While I certainly take your point, to be completely fair, Glen would have had a much tougher time pulling this off than Terence Young or Guy Hamilton had when they were making the early Connery films. At that point, there weren’t really any expectations for the films and Terence Young, and then Hamilton after him with Goldfinger, were establishing the template that future Bond films would end up having to follow to some degree. If you’re setting out to establish the template, so to speak, the chances of you landing on something iconic, even by sheer luck, is far higher than if you’re a director who is locked into certain aspects of a template that has already proven to work time and time again for the span of multiple decades.
While I certainly don’t disagree, and would probably give Terence Young the edge in a debate over who the best Bond director has been, Glen’s work ultimately, I believe, led, albeit somewhat indirectly, to some iconic work down the road. Had he not taken the gig when he did and helped EON reign in the series from the outlandish and comedic direction it was headed in, and pulled it right back to earth with For Your Eyes Only and then kept it on that track through the end of his tenure in 1989, I wonder what the franchise would look like now. His greatest contribution, I think, was in showing the world that the franchise could transition from Roger Moore into a more serious direction with Dalton. Without his work on The Living Daylights, which perfectly nailed that tone that distinguished itself from the Diamonds are Forever through A View to a Kill era while still maintaining the essence of Bond, the franchise might have continued to drift in a more comedic direction, as there is certainly room within the script of TLD for that to occur (since it’s been said that the script was written either with Moore or within a rather generic Bond in mind, rather than either Brosnan or Dalton specifically). This set the stage for Brosnan to come in and have his somewhat middle of the road take on the character, where it was a blend of Connery and Moore, rather than going to one extreme or the other, before giving way to Craig’s decidedly Dalton-esque approach. Without Glen’s work on The Living Daylights, I very seriously doubt that there is a Casino Royale down the road, at least not in the form that we ended up getting. Terence Young gets the nod for setting the template and a lot of the Bond iconography. Hamilton gets his props for Goldfinger, but I have a hard time ranking him too high on the list because that’s the only solid Bond film he made, while his other three efforts are substandard entries in the franchise. Glen had that consistency that Hamilton lacked and also helped pave the way for greater things down the road for the franchise, even if the audiences weren’t ready for them at the time that Glen was trying to do them himself.

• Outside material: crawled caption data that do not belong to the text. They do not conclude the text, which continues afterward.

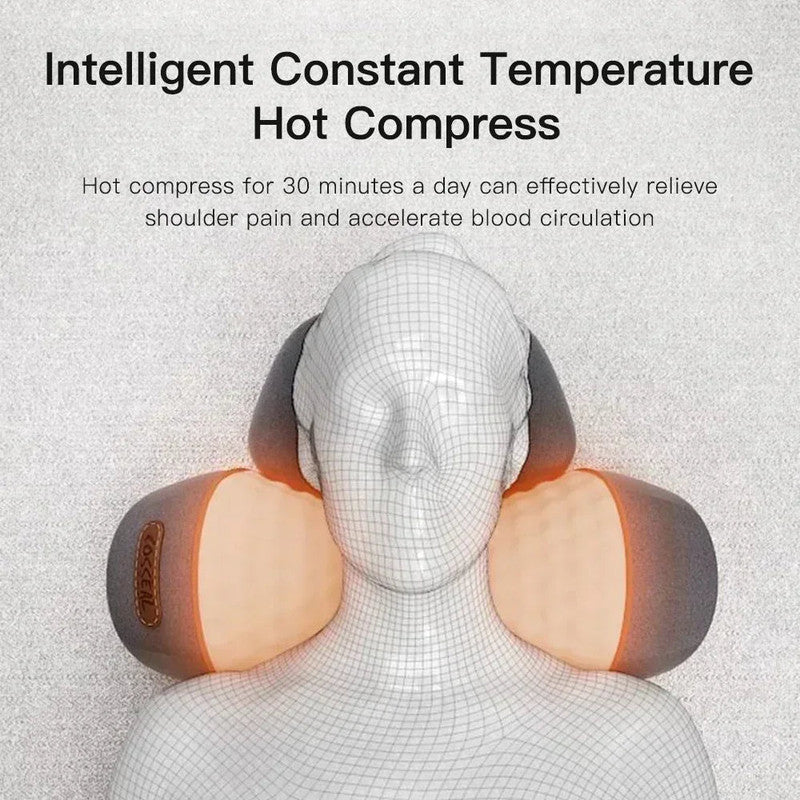Heated Electric Cervical Massage Pillow with 3 Heat Levels and 3 Vibration Modes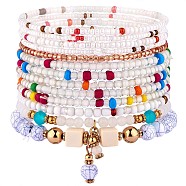 11Pcs Boho Seed Beads Stretch Bracelets Set, Multilayered Stackable Bracelets, Colorful Beaded Charm Surfer Bracelets for Women, White, Inner Diameter: 1-3/4~2-1/8 inch(4.5~5.5cm)(JB737A)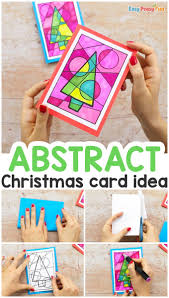 I saw a homemade fishing game in a book from a library and thought it was really cool! Abstract Colorful Homemade Christmas Card Easy Peasy And Fun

And the franchise finds itself in a similar position now, albeit at the other extreme. They’ve spent so much time doing the personal stories, rehashing the trust issues and MI6 incompetence (and relevance) angles time and time again that it might take a director to come in with an idea to shake things up and talk EON into going in a direction that doesn’t involve us seeing the same things that we’ve seen from pretty much every film post-TLD. It’s funny that, for all of the complaining that people do about LTK, it’s one of the most pilfered films in the franchise. They’ve been going back to the well for ideas that LTK brought to the franchise first, with the personal vendettas, the revenge angle, Bond going rogue, etc., etc. that a new director might need to come in and talk EON into taking something more from something like The Spy Who Loved Me than anything else.